Après une visite très intéressante de la cité des énergies du CEA (centrale solaire thermique, bâtis expérimentaux à énergie positive et tests de matériaux innovants, réacteur de production d’énergie par la biomasse), le comité stratégique s’est réuni pour un certain nombre de présentations autour des bâtiments connectés. Divers projets ont été présentés par des grandes entreprises comme Schneider Electrics ou IBM, ainsi que par des PME et startups. J’ai moi-même présenté une vision des bâtiments connectés autour de la collecte et l’analyse des données. Cette vision est exposée ici, complémentée d’informations recueillies lors de cette journée.

Selon l’agence internationale de l’énergie, la demande mondiale en énergie augmenterait de 37% d’ici 2040 .

Parallèlement, l’urbanisation croissante et la digitalisation des échanges amèneront les villes à jouer des rôles de leaders dans la révolution énergétique ; il leur faudra relever des défis importants en terme de surveillance, de gestion des réseaux, de l’offre et de la demande en énergie. Cela conduit au concept d’Enernet et de « Energy Cloud » où la gestion et la production de l’énergie sont décentralisées, d’où l’importance d’un mix énergétique bien géré à toutes les échelles. Allant dans ce sens, le parlement européen a demandé le remplacement des compteurs d’électricité par des compteurs communicants (voir Linky) d’ici 2022. Le projet pourrait représenter une dépense de l’ordre de 100 milliards de dollars.

On parle aujourd’hui de smart grids et de « centrales électriques virtuelles » (Virtual Power Plant) : des systèmes intégrant tous les types de sources dans un cluster de générateurs distribués, ainsi que des capteurs multiples remontant des données sur l’offre et la demande, permettant ainsi d’optimiser les diverses sources d’énergie.

La première étape dans cette gestion décentralisée de l’énergie est le bâtiment intelligent et connecté. Il permet d’adopter des solutions efficaces de gestion en installant des capteurs et compteurs connectés, de jouer sur la qualité du bâti (isolation, inertie thermique, étanchéité, etc.), le choix des équipements (production d’énergie, distribution, rendement) et de penser en terme d’efficacité énergétique active (optimisation, lutte anti-gaspillage, sensibilisation des usagers).
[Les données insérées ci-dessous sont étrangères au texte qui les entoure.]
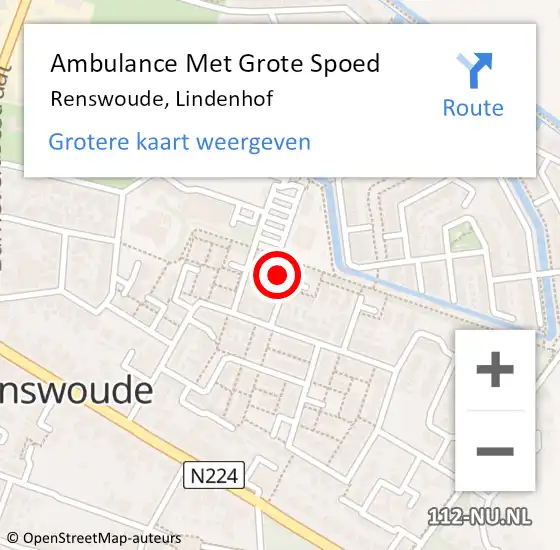 Locatie op kaart van de 112 melding: Ambulance Met Grote Spoed Naar Renswoude, Lindenhof op 6 juli 2017 18:49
Aujourd’hui déjà, on sait atteindre des gains de 30 à 60% sur la consommation des bâtiments y compris sur les bâtiments faiblement intermittants comme les hôpitaux, les résidences ou les datacenters. Cette efficacité énergétique est un enjeu économique majeur car elle implique des retours sur investissements rapides de l’ordre de un à trois ans.
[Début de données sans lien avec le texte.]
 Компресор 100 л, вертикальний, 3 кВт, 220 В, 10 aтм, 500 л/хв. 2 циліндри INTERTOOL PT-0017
La seconde étape implique la gestion de la communication des bâtiments non pas en silo, mais de façon interconnectée et multi applicative, afin d’être capable d’isoler des quartiersentiers de la grille pendant plusieurs heures grâce à une autonomie énergétique finement optimisée, et à terme, de construire des quartiers à énergie positive.
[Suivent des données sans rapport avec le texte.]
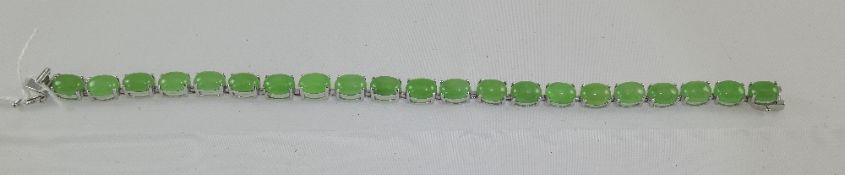 Green Jade Tennis Bracelet, oval cut cab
Le quartier connecté amène à la dernière étape dans la gestion énergétique des villes qui concerne la résilience des systèmes. L’interconnection permet de gérer les crises après des tornades, des sinistres graves, ou des usages critiques et d’améliorer la capacité du système à se remettre en marche. Le réchauffement climatique et l’urbanisation des populations montre combien il est crucial de penser dès aujourd’hui la résilience de nos villes : les crises seront de plus en plus fréquentes et répandues.

Aujourd’hui, la première étape se met en place dans les villes pilotes, les nouveaux bâtiments et la réhabilitation d’anciens bâtiments, en particulier des bâtiments publics. Le grand public, via l’Internet des objets devient de plus en plus sensible à la problématique. Les promoteurs et les particuliers prennent aussi l’initiative pour connecter les bâtiments. Avec les compteurs connectés, de plus en plus répandus, le secteur de l’énergie est probablement le plus en avance dans la connexion des bâtiments. Certaines expérimentations se font également pour avancer sur la seconde étape du quartier connecté, et les villes et collectivités territoriales élaborent les stratégies du futur pour atteindre la troisième étape à une horizon plus lointaine.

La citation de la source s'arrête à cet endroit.